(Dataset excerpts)
• • •
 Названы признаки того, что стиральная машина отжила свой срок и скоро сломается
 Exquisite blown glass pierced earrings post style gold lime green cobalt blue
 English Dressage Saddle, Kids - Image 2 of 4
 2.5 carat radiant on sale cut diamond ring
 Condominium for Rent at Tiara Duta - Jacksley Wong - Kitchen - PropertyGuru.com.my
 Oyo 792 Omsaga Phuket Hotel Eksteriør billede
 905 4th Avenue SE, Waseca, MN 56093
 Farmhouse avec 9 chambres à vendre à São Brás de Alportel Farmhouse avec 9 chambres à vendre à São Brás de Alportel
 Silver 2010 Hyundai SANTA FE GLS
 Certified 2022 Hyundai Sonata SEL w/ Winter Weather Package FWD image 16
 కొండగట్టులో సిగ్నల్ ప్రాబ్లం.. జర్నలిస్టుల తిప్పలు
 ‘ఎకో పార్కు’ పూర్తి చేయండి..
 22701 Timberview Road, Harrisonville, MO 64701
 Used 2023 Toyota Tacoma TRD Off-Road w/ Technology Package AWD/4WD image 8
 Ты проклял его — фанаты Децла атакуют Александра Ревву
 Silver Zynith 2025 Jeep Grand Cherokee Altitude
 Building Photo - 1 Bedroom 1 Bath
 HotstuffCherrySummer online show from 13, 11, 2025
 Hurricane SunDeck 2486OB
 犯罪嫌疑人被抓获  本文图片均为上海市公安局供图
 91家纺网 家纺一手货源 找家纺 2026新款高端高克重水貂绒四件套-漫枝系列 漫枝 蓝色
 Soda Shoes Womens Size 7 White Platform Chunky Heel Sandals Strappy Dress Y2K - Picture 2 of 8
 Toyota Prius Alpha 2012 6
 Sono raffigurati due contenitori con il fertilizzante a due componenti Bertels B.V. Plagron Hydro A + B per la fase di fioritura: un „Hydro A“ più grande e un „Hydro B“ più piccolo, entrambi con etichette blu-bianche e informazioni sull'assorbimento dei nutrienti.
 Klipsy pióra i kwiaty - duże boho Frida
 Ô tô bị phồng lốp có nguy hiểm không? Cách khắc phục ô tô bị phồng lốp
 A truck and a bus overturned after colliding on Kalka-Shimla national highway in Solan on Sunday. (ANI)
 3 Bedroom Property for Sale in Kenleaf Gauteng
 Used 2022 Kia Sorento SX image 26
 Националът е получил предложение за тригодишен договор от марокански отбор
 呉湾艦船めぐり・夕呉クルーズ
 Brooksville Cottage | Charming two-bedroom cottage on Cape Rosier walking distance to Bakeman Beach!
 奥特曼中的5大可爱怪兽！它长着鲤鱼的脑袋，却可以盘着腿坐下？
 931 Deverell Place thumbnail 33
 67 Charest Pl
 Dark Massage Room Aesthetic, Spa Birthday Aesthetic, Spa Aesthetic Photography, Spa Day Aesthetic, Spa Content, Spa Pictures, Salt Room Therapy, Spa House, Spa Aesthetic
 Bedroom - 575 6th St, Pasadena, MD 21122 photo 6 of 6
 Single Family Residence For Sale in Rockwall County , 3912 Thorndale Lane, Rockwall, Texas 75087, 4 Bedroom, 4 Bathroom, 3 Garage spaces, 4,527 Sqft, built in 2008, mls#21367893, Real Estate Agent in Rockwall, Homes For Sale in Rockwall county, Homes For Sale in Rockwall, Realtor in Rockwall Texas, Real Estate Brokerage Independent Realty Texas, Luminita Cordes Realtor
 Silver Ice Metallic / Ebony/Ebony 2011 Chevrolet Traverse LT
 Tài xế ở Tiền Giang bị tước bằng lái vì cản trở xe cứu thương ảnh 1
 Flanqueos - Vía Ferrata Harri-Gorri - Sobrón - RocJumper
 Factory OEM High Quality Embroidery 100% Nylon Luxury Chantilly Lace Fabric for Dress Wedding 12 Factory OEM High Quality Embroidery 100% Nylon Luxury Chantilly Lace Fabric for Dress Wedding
• • •
### Task to carry out:
All the entries should be written out again precisely.

### Expected output:
 Названы признаки того, что стиральная машина отжила свой срок и скоро сломается
 Exquisite blown glass pierced earrings post style gold lime green cobalt blue
 English Dressage Saddle, Kids - Image 2 of 4
 2.5 carat radiant on sale cut diamond ring
 Condominium for Rent at Tiara Duta - Jacksley Wong - Kitchen - PropertyGuru.com.my
 Oyo 792 Omsaga Phuket Hotel Eksteriør billede
 905 4th Avenue SE, Waseca, MN 56093
 Farmhouse avec 9 chambres à vendre à São Brás de Alportel Farmhouse avec 9 chambres à vendre à São Brás de Alportel
 Silver 2010 Hyundai SANTA FE GLS
 Certified 2022 Hyundai Sonata SEL w/ Winter Weather Package FWD image 16
 కొండగట్టులో సిగ్నల్ ప్రాబ్లం.. జర్నలిస్టుల తిప్పలు
 ‘ఎకో పార్కు’ పూర్తి చేయండి..
 22701 Timberview Road, Harrisonville, MO 64701
 Used 2023 Toyota Tacoma TRD Off-Road w/ Technology Package AWD/4WD image 8
 Ты проклял его — фанаты Децла атакуют Александра Ревву
 Silver Zynith 2025 Jeep Grand Cherokee Altitude
 Building Photo - 1 Bedroom 1 Bath
 HotstuffCherrySummer online show from 13, 11, 2025
 Hurricane SunDeck 2486OB
 犯罪嫌疑人被抓获  本文图片均为上海市公安局供图
 91家纺网 家纺一手货源 找家纺 2026新款高端高克重水貂绒四件套-漫枝系列 漫枝 蓝色
 Soda Shoes Womens Size 7 White Platform Chunky Heel Sandals Strappy Dress Y2K - Picture 2 of 8
 Toyota Prius Alpha 2012 6
 Sono raffigurati due contenitori con il fertilizzante a due componenti Bertels B.V. Plagron Hydro A + B per la fase di fioritura: un „Hydro A“ più grande e un „Hydro B“ più piccolo, entrambi con etichette blu-bianche e informazioni sull'assorbimento dei nutrienti.
 Klipsy pióra i kwiaty - duże boho Frida
 Ô tô bị phồng lốp có nguy hiểm không? Cách khắc phục ô tô bị phồng lốp
 A truck and a bus overturned after colliding on Kalka-Shimla national highway in Solan on Sunday. (ANI)
 3 Bedroom Property for Sale in Kenleaf Gauteng
 Used 2022 Kia Sorento SX image 26
 Националът е получил предложение за тригодишен договор от марокански отбор
 呉湾艦船めぐり・夕呉クルーズ
 Brooksville Cottage | Charming two-bedroom cottage on Cape Rosier walking distance to Bakeman Beach!
 奥特曼中的5大可爱怪兽！它长着鲤鱼的脑袋，却可以盘着腿坐下？
 931 Deverell Place thumbnail 33
 67 Charest Pl
 Dark Massage Room Aesthetic, Spa Birthday Aesthetic, Spa Aesthetic Photography, Spa Day Aesthetic, Spa Content, Spa Pictures, Salt Room Therapy, Spa House, Spa Aesthetic
 Bedroom - 575 6th St, Pasadena, MD 21122 photo 6 of 6
 Single Family Residence For Sale in Rockwall County , 3912 Thorndale Lane, Rockwall, Texas 75087, 4 Bedroom, 4 Bathroom, 3 Garage spaces, 4,527 Sqft, built in 2008, mls#21367893, Real Estate Agent in Rockwall, Homes For Sale in Rockwall county, Homes For Sale in Rockwall, Realtor in Rockwall Texas, Real Estate Brokerage Independent Realty Texas, Luminita Cordes Realtor
 Silver Ice Metallic / Ebony/Ebony 2011 Chevrolet Traverse LT
 Tài xế ở Tiền Giang bị tước bằng lái vì cản trở xe cứu thương ảnh 1
 Flanqueos - Vía Ferrata Harri-Gorri - Sobrón - RocJumper
 Factory OEM High Quality Embroidery 100% Nylon Luxury Chantilly Lace Fabric for Dress Wedding 12 Factory OEM High Quality Embroidery 100% Nylon Luxury Chantilly Lace Fabric for Dress Wedding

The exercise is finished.